What is a snowflake?

What's wrong with kids using public transportation?

There is nothing wrong with children using public transportation. :confused3

I remember there was a thread here a while back when people were outraged that a 9 yo rode the subway in NYC by himself. I never understood why that was a problem.
 
Sadly it isn't just little kids that are snowflakes, those little fragile souls grow up. There is nothing better than watching a snowflake make it into the workforce and then crash and burn because they don't have the life skills to cope in the real world. It really is so much fun to watch. They have no idea how to be proactive and actually solve a problem, they just wait for someone else to come and tell them the solution to their problem because that is what helicopter mommy and daddy have done their whole life.

Luckily the management team here has little patience for these kinds of people and they are quickly shown the door but watching the clueless-nes is almost worth the extra work they create for the good employees...almost.
 

Yes, and...? I'm curious to know what dangers you think my kids might encounter.

Not so much you specifically. Just a point that those parents who couldn't handle their kids walking too far to catch school buses or waiting at the bus collection point alone could never deal with our bus system. The amount of cursing and other lewd behaviour on the buses every day (mostly by the teens and young adults, but add in a few drunks and it gets even more colorful ;) ) would make your hair curl.
 
Not so much you specifically. Just a point that those parents who couldn't handle their kids walking too far to catch school buses or waiting at the bus collection point alone could never deal with our bus system. The amount of cursing and other lewd behaviour on the buses every day (mostly by the teens and young adults, but add in a few drunks and it gets even more colorful ;) ) would make your hair curl.

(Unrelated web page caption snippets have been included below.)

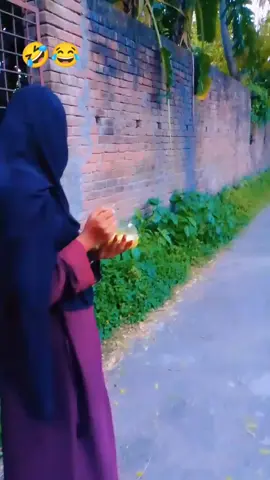 😂🤣😂 ঝালমুড়ি খাওয়ার স্টাইল 🤣😂#জীবননগর_চুয়াডাঙ্গা #জীবননগরের_মেয়ে #ফানি_ভিডিও #বাংলাদেশি_ভাইরাল_টিকটক_ #viraltiktok 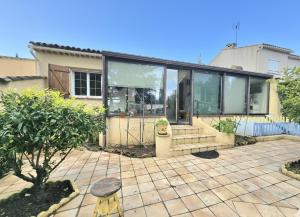 Villa Genesis 4 pers - clim - jardin - village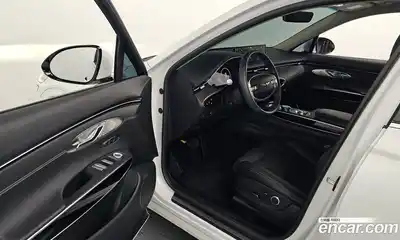 Genesis GV70 2024 2.5 Автомат в Москве № 1129136, миниатюра 11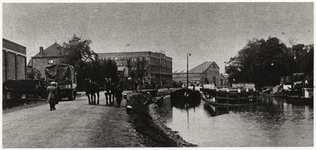 103080 Kanaaldijk N.W., genomen vanaf de hoogte van de spoorbrug in de richting Veestraatbrug. Links de fabrieken J.A. ...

I have to say..this is one of the reasons I enrolled my DD in the school I did. I did not like the idea of a K being on the same bus as a 5th grader. Just because the cursing and lewd behavior happen does not make them right and does not mean I should subject my young children to them. Heck, my DD thinks Hell is a swear! I guess someone could interpret that I am raising a snowflake. IDK. :confused3
 
/
Sadly it isn't just little kids that are snowflakes, those little fragile souls grow up. There is nothing better than watching a snowflake make it into the workforce and then crash and burn because they don't have the life skills to cope in the real world. It really is so much fun to watch. They have no idea how to be proactive and actually solve a problem, they just wait for someone else to come and tell them the solution to their problem because that is what helicopter mommy and daddy have done their whole life.

Luckily the management team here has little patience for these kinds of people and they are quickly shown the door but watching the clueless-nes is almost worth the extra work they create for the good employees...almost.
OMG! You just perfectly described something that happened in our office last week or the week before.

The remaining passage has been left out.